This is the second out of the three shades without a boosting ability. Skyclave Shade makes up for that by having a kicker ability that gives it two +1/+1 counters and having a great recursion landfall ability.

#2. Author of Shadows

Author of Shadows

Author of Shadows is the final shade without a boosting ability. Its effect is circumstantial, but it can net you some great spells or creatures to put pressure on your opponents if played right.

#1. Nirkana Revenant

Nirkana Revenant

I feel almost bad for how far ahead from the other shades Nirkana Revenant is. It's a must-have in almost any deck that runs black in Commander. Doubling the mana of your Swamps can give you absurd amounts of mana if there’s a Urborg, Tomb of Yawgmoth in play.

Best Shades Payoffs

Ghostly Changeling

Ghostly Changeling is half payoff/support for shade tribal and half honorable mention for this list. This shapeshifter doesn’t have the shade creature type on the actual card, but it shares pretty much every characteristic with other shades, making a perfect addition for a shade-focused deck.

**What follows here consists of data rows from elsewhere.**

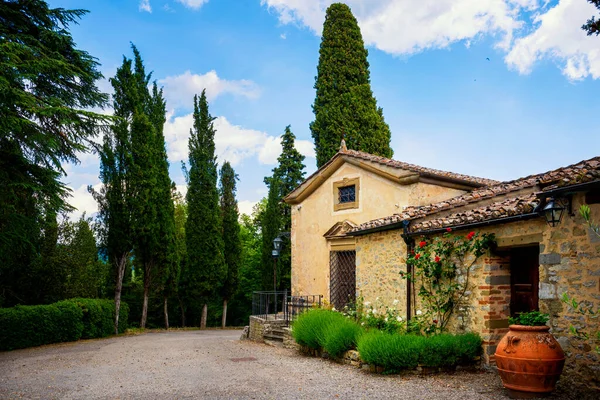 Gaiole Chianti Italy May 2020 Вид Красивий Древній Замок Мелето — стокове фото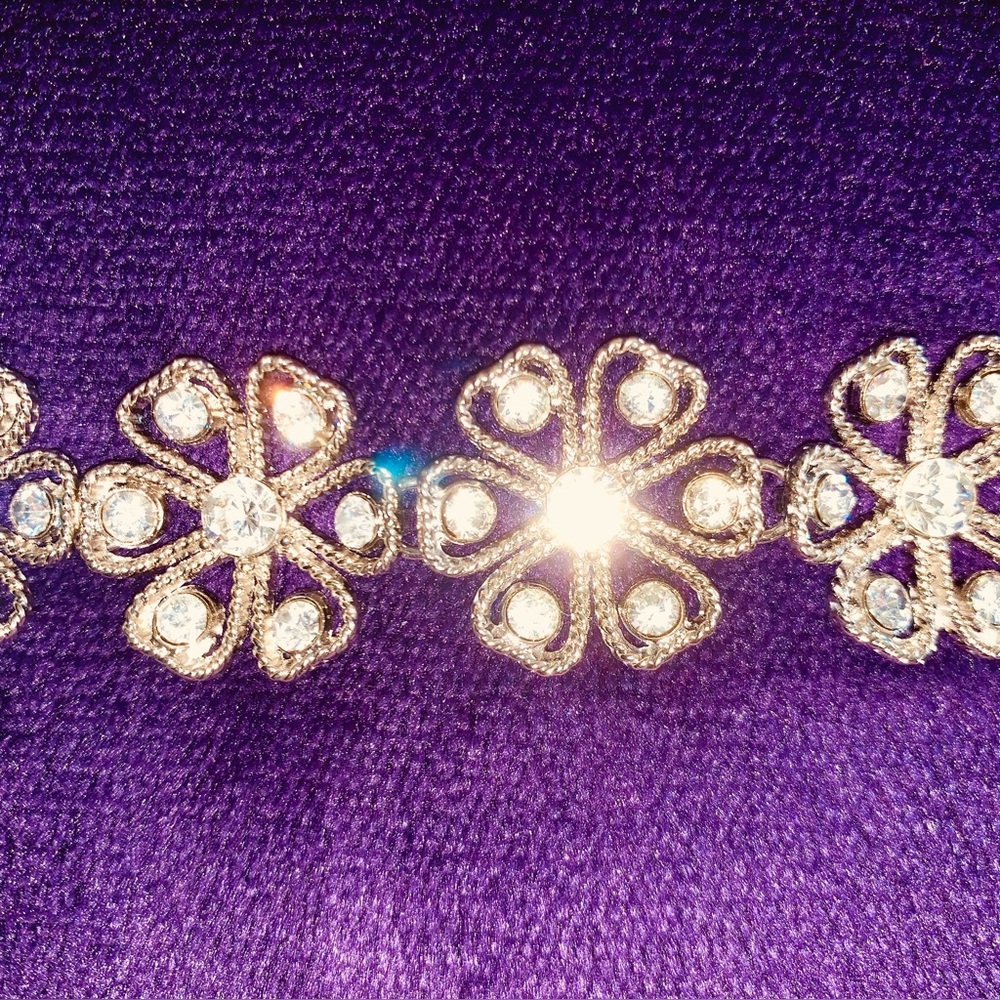 NWT BLING Pair of Trifari Floral Bracelets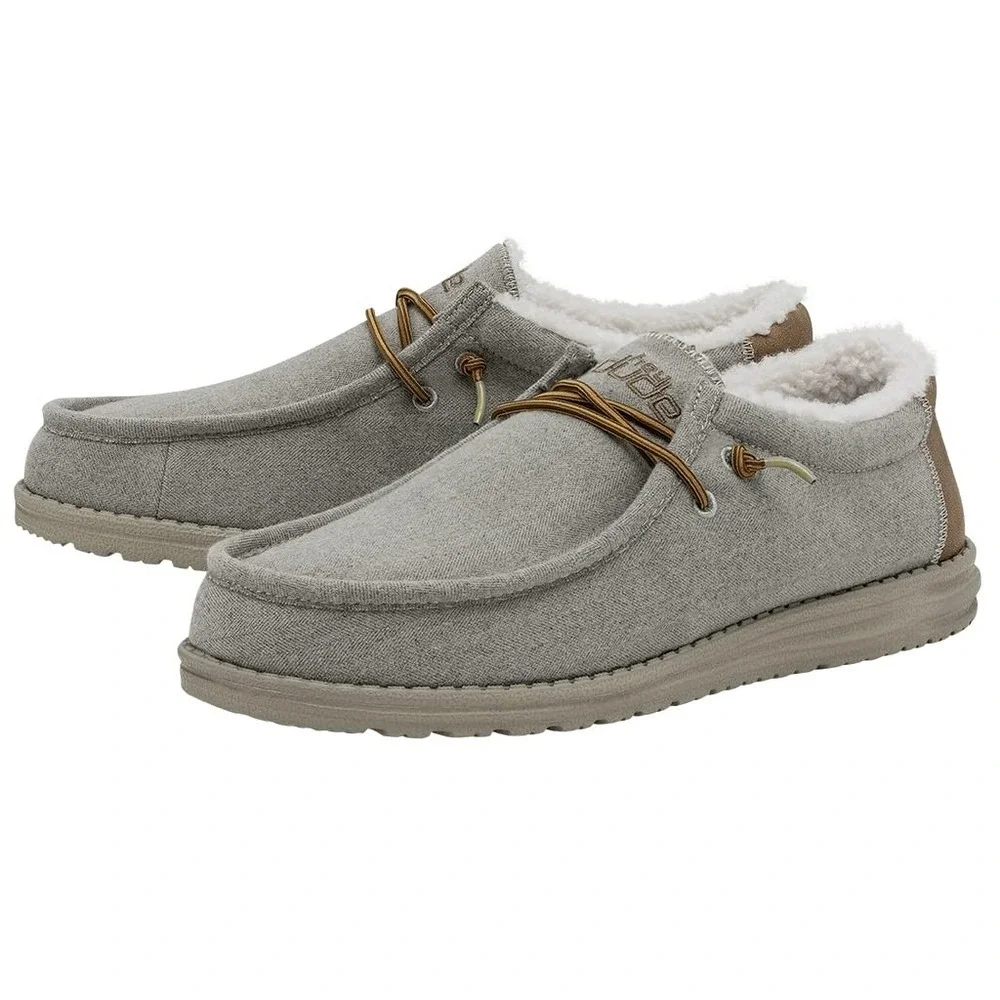 HEYDUDE Mens Wally Grey Herringbone Faux Fur Lined Slip On Loafers Shoes Size 12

Filth is another good card to play alongside your shades to give them all some pretty great evasion and make good use of those boost abilities.

Basically any and all mono-black cards that benefit either tribal or mono-black play are good support for shades.

A Shady Conclusion

Author of Shadows - Illustration by Alex Brock

Author of Shadows | Illustration by Alex Brock

Shades are probably far from the best creature type out there. There aren’t that many of them to begin with, and most of them aren’t much more than filler and jank. That’s exactly why I think it’d be a really fun deck to build and play in EDH. I’d love to see more support for tribes like this one without pushing them into the more powerful levels of things like elves or vampires.

But enough about what I think. Do you agree with my rankings? Do you like shades as a tribe? What other underrated creature type would you like to see next? Let me know in the comments below, and don’t forget to pay our Discord a visit to join our amazing community.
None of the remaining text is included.